◆ Assigned task
Beginning with the line of the entries below that holds "설경구, 액터스하우스의 주인장" and ending with the line that holds "7400 Miami Lakes", transcribe each line exactly as written. Pictures stay out.

◆ Entries provided

☆ ☆ ☆ ☆ ☆

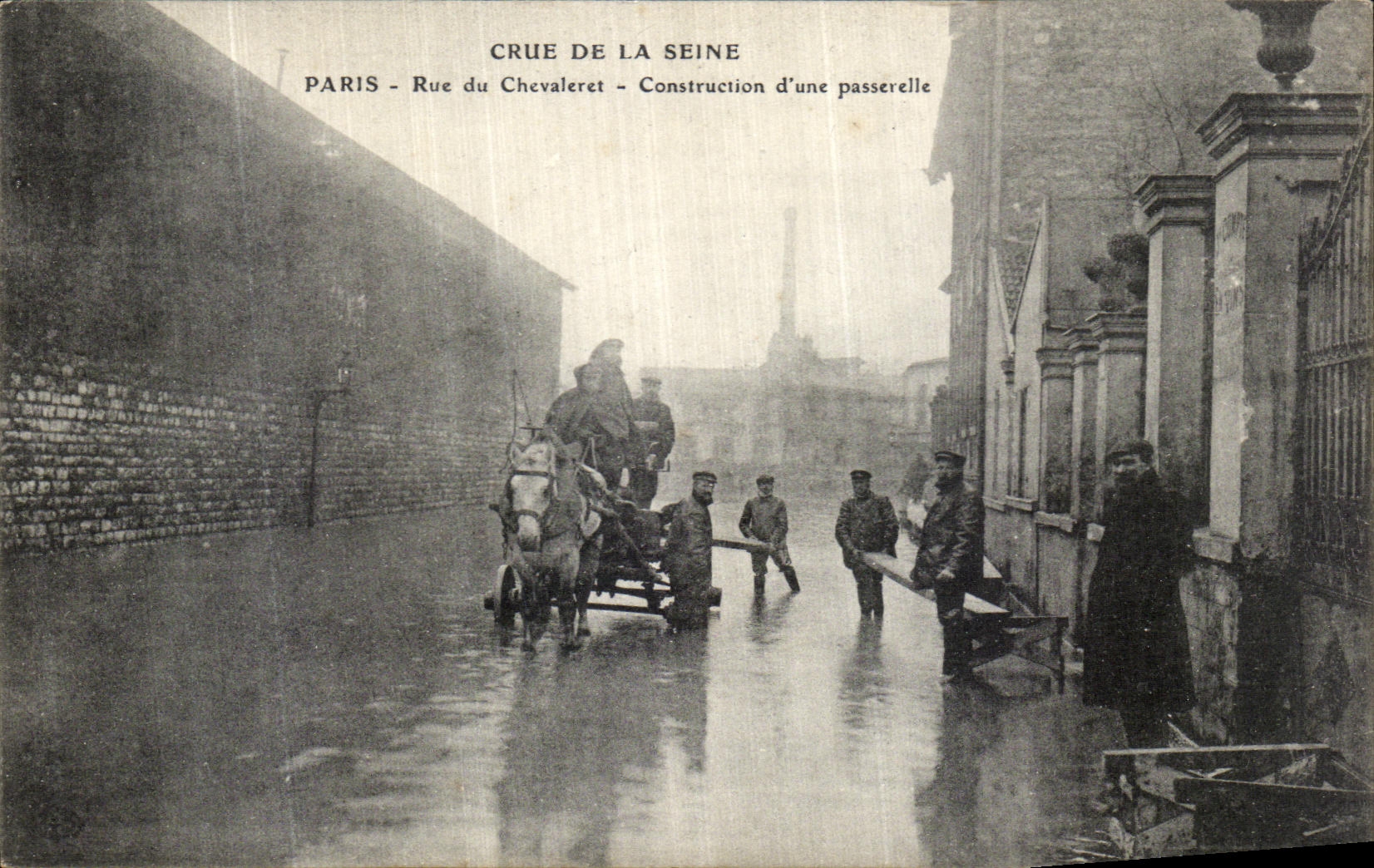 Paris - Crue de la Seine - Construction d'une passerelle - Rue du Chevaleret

☆ ☆ ☆ ☆ ☆

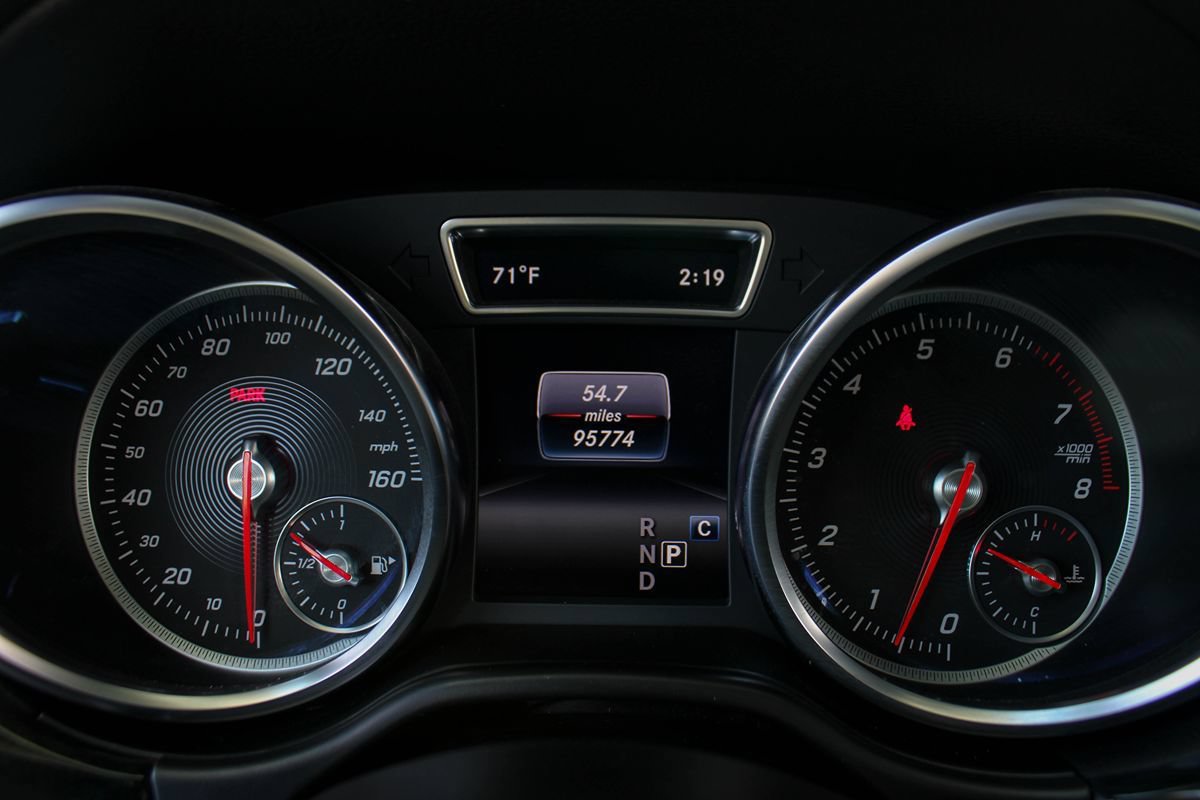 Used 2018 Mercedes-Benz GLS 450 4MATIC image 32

☆ ☆ ☆ ☆ ☆

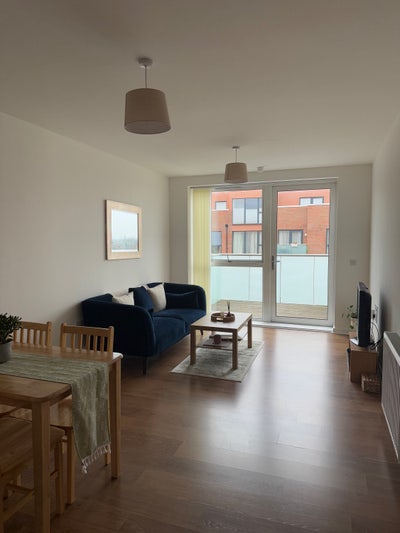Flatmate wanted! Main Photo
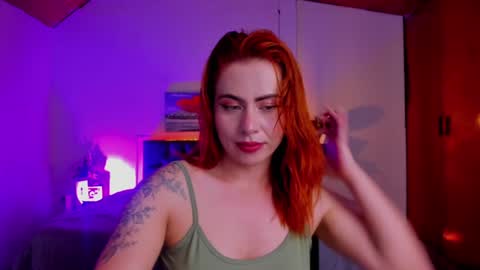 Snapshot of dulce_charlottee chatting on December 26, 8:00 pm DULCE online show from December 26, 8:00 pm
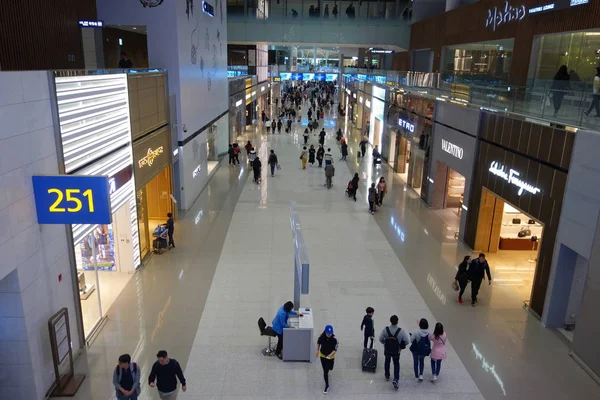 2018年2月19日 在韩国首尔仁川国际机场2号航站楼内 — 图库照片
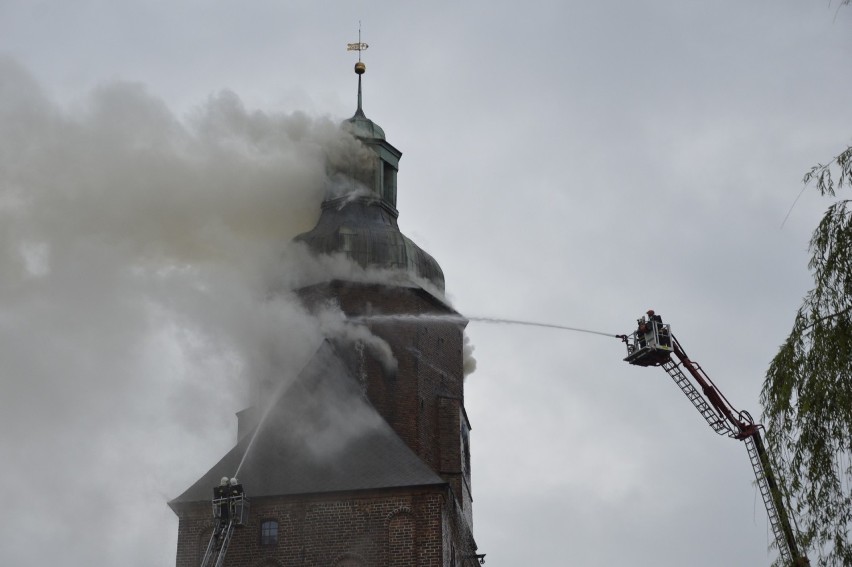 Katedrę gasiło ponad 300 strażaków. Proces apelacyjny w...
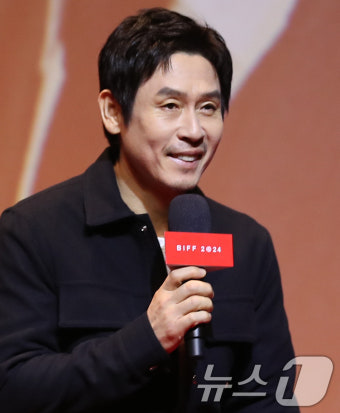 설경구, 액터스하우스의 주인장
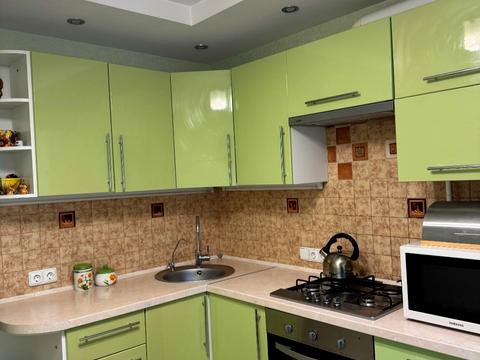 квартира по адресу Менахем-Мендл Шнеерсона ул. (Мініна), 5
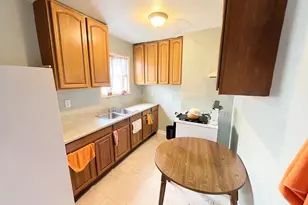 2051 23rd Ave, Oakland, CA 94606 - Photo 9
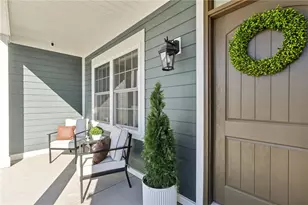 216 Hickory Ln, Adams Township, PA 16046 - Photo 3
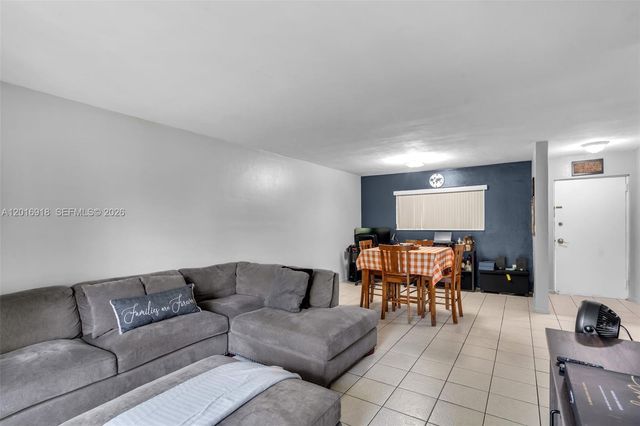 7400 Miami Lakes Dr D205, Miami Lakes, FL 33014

☆ ☆ ☆ ☆ ☆

◆ Result
 설경구, 액터스하우스의 주인장
 квартира по адресу Менахем-Мендл Шнеерсона ул. (Мініна), 5
 2051 23rd Ave, Oakland, CA 94606 - Photo 9
 216 Hickory Ln, Adams Township, PA 16046 - Photo 3
 7400 Miami Lakes Dr D205, Miami Lakes, FL 33014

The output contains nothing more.